While plenty of gyms and personal trainers want you to think that working out requires spending a great deal of money, you can take advantage of the free workout programs provided by everyone from medical professionals to celebrity fitness experts. Before implementing a new workout routine, establish your weight loss and fitness goals. Consult with your health care provider if you have any medical concerns.
Types
The American Heart Association, or AHA, has recommended that people integrate three types of workouts into their weekly schedule. Cardiovascular exercise, the most important for burning calories and losing weight, may consist of moderate activities, like walking or dancing, or more vigorous exercise, like running or kickboxing. In addition, people should do two or three strengthening sessions per week, which may involve using weights, adding light hand weights to your cardiovascular routine, using resistance bands or doing strength-building exercises, like lunges and push-ups. Finally, people should incorporate stretching or yoga to improve flexibility.
Time Frame
The minimum amount of time people should exercise totals 150 minutes of moderate activity or 75 minutes of vigorous activity every week. Strengthening and flexibility sessions may last about 20 minutes. The AHA adds that you can split up these minutes into mini-workouts of as short a duration as 10 or 15 minutes each, as long as you raise your heart rate for the duration of the workout. People who want to lose weight more quickly may want to add more cardiovascular activity to their weekly workout. Try free activities, like using the stairs, walking to work, bicycling with family or friends, playing Frisbee with your kids or attacking your garden weeds with gusto.
Expert Insight
Dr. Mehmet Oz, surgeon and author, proposes people begin their day with a series of sun salutations.
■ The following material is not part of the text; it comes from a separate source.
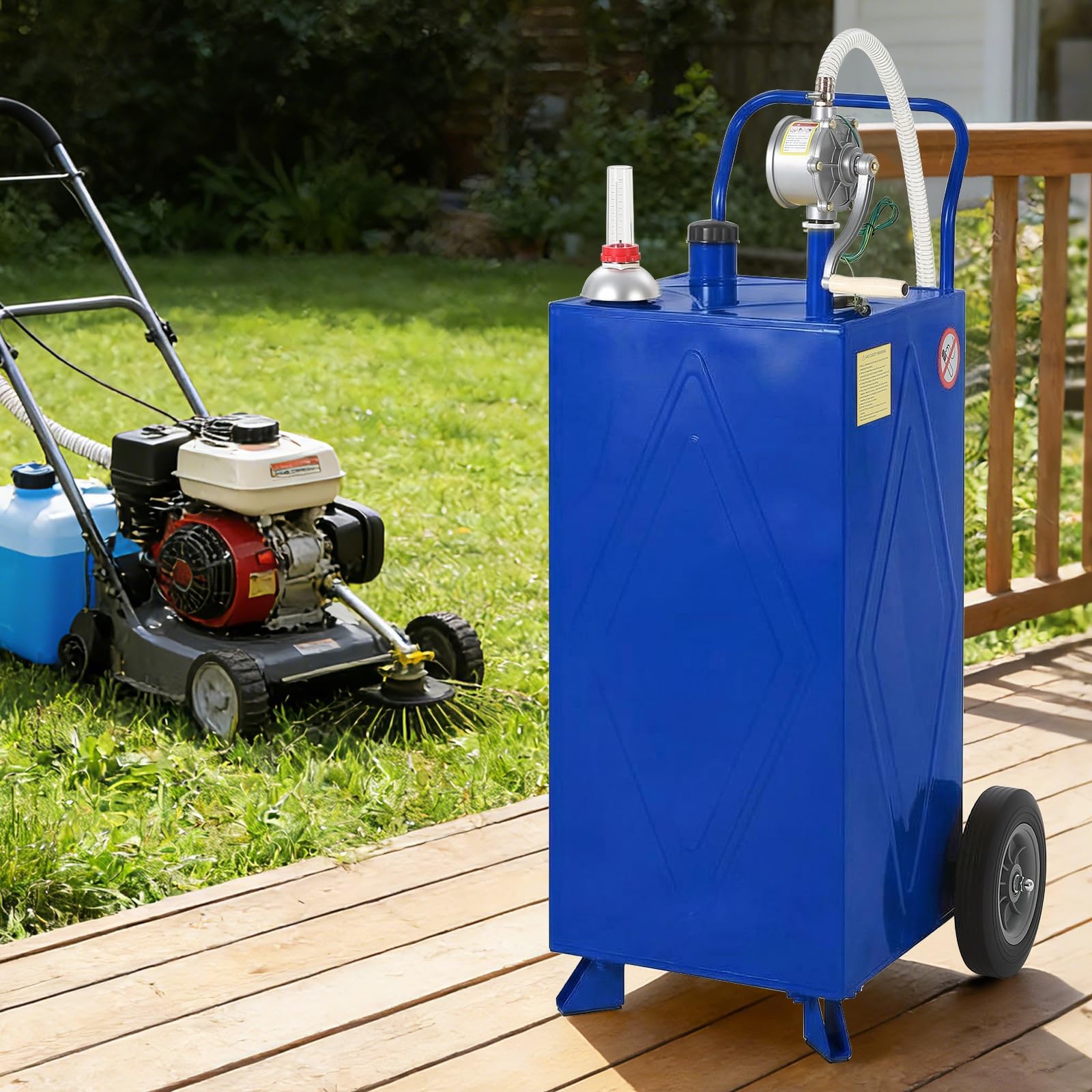 Garvee 35 Gallon Portable Fuel Gas Caddy Storage Tank – Reinforced 2-Wheel, 2-Support Design, Manual Rotary Pump, Vented Cap, Level Gauge, Fuel Hose – Gasoline/Fuel Transfer for ATV, Tractor, Mower, Car, Boat – Reinforced 2-wheel, 2-support version - Blue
Not only does this basic set of yoga poses increases your flexibility, it gets you breathing and, when done fluidly and with intensity, raises your heart rate. Lay down a blanket or a yoga mat. Begin in a standing position, smoothly progressing through touching your toes, plank pose, cobra, up-dog, down-dog and, on both sides of your body, warrior and triangle poses. Oz adds in push-ups and plank poses to amp up the strengthening portion of the workout.
Considerations
The MayoClinic.com guide to interval training describes how short bursts of intense speed maximizes the calorie-burning power of your workout. Start a 30-minute workout with a brisk cardiovascular activity, such as hiking, cycling, running, speed walking or jogging. Every few minutes, take your pace to your maximum speed, and hold the pace for 30 seconds. Slow down to recover, and then work your way up to another sprint a few minutes later. Repeat this cycle until the 30 minutes are over.
Warning
As you lose weight and gain fitness, your workout becomes less challenging. Keep up the calorie-burning power by increasing your pace, adding more workouts or diversifying your workout with circuit training.